§ **WORK TO COMPLETE**:
For the material below, the expected output is exactly the lines between the line holding "Just reading the" and the line holding "Now, you might", inclusive, with pictures left out.

§ **DATA FOR THIS EXERCISE**:

──────────

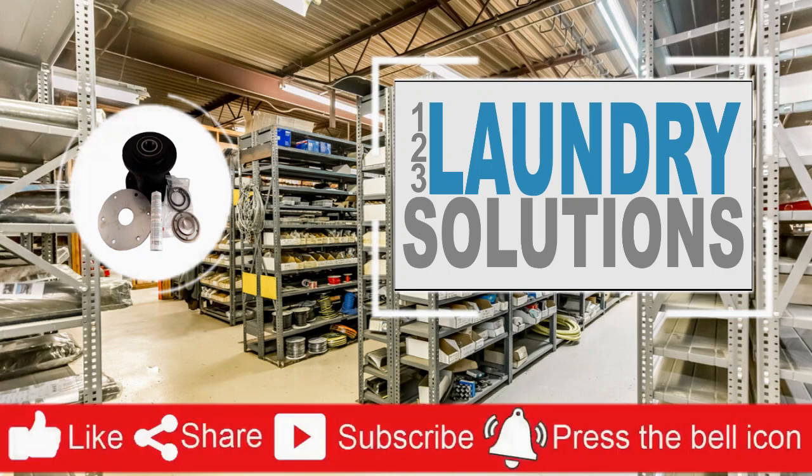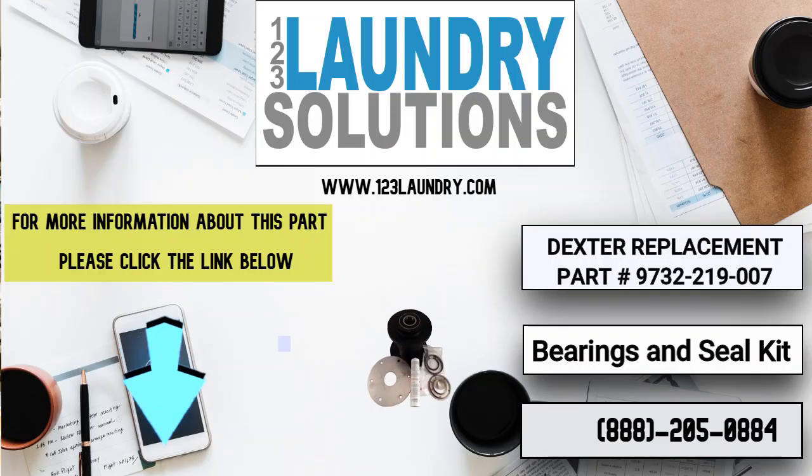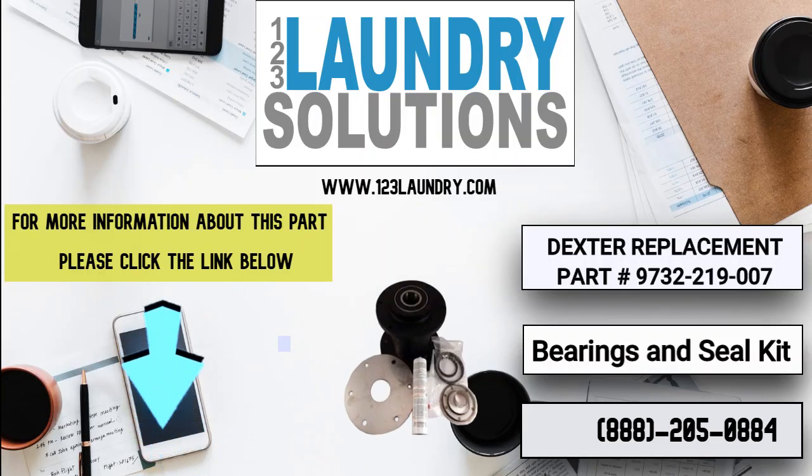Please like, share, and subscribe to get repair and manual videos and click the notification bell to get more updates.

──────────

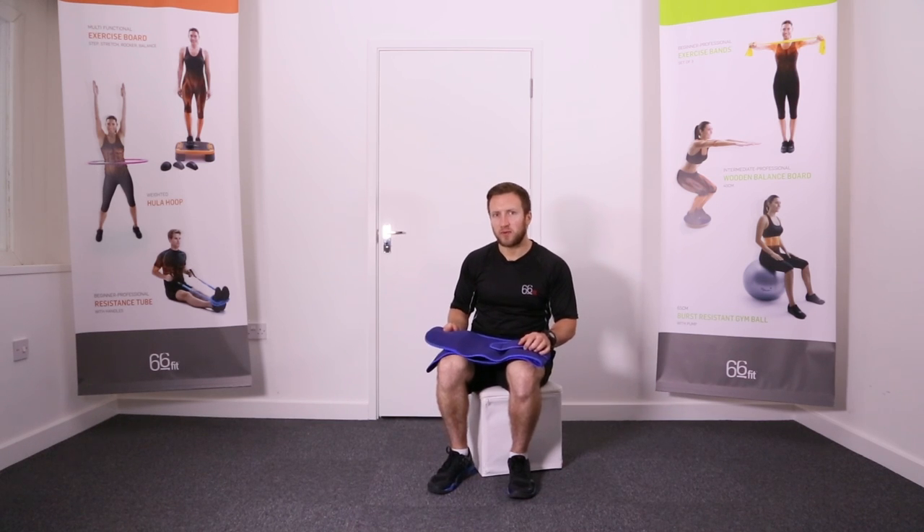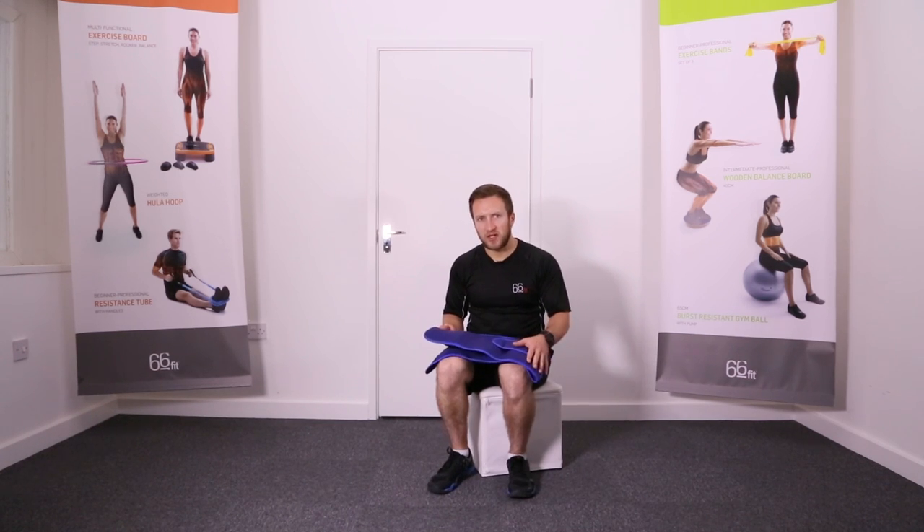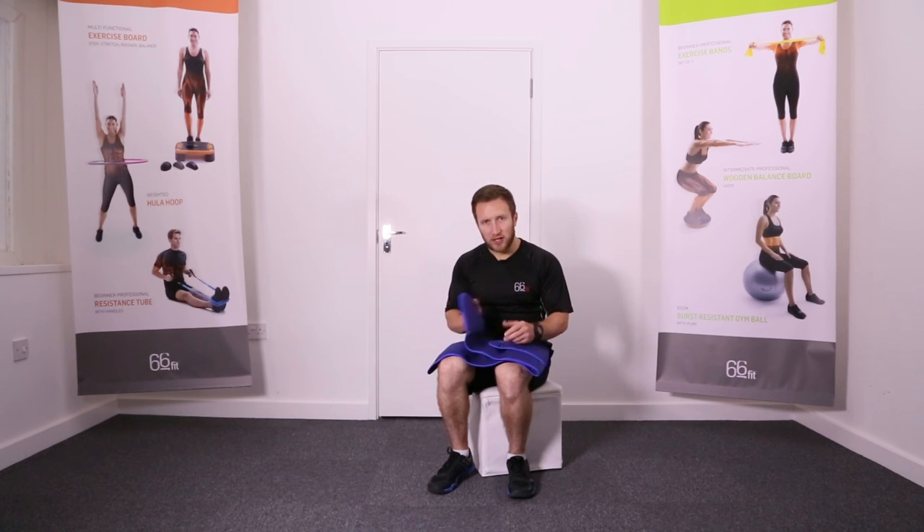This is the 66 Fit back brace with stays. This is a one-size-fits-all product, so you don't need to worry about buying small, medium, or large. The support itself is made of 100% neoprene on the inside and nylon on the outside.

──────────

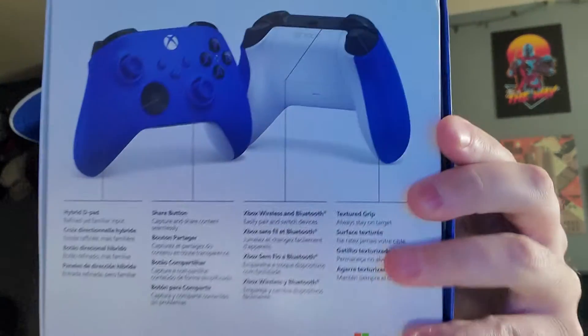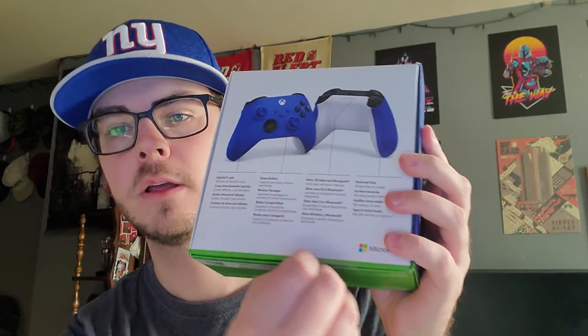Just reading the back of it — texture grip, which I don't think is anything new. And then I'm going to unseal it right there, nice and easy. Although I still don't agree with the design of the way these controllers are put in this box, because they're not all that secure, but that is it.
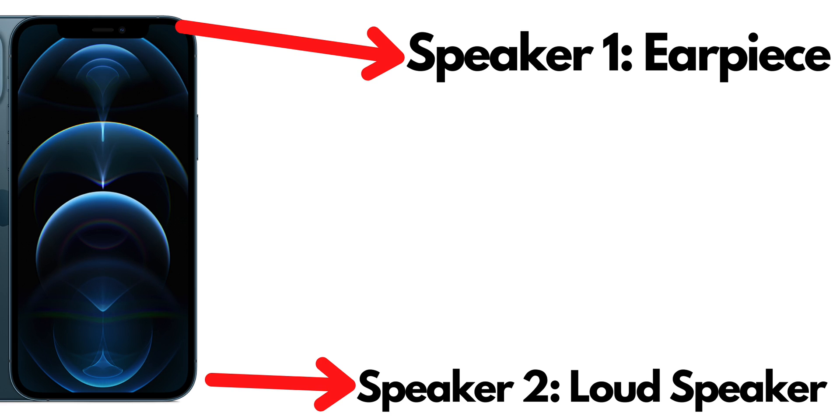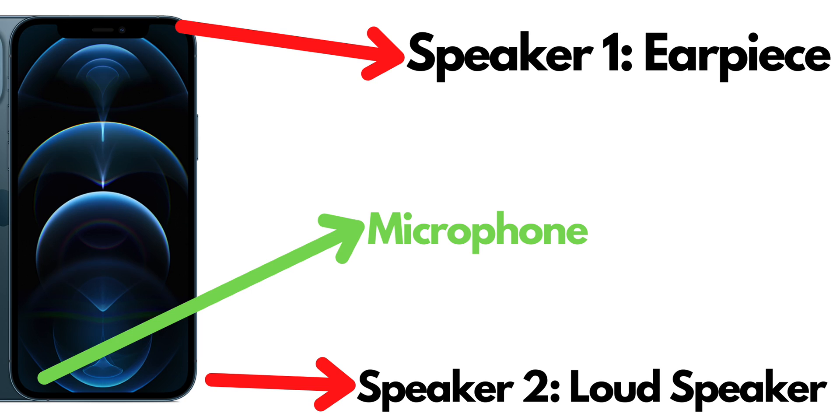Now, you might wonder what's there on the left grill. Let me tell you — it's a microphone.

──────────

§ **TASK RESULT**:
Just reading the back of it — texture grip, which I don't think is anything new. And then I'm going to unseal it right there, nice and easy. Although I still don't agree with the design of the way these controllers are put in this box, because they're not all that secure, but that is it.
Now, you might wonder what's there on the left grill. Let me tell you — it's a microphone.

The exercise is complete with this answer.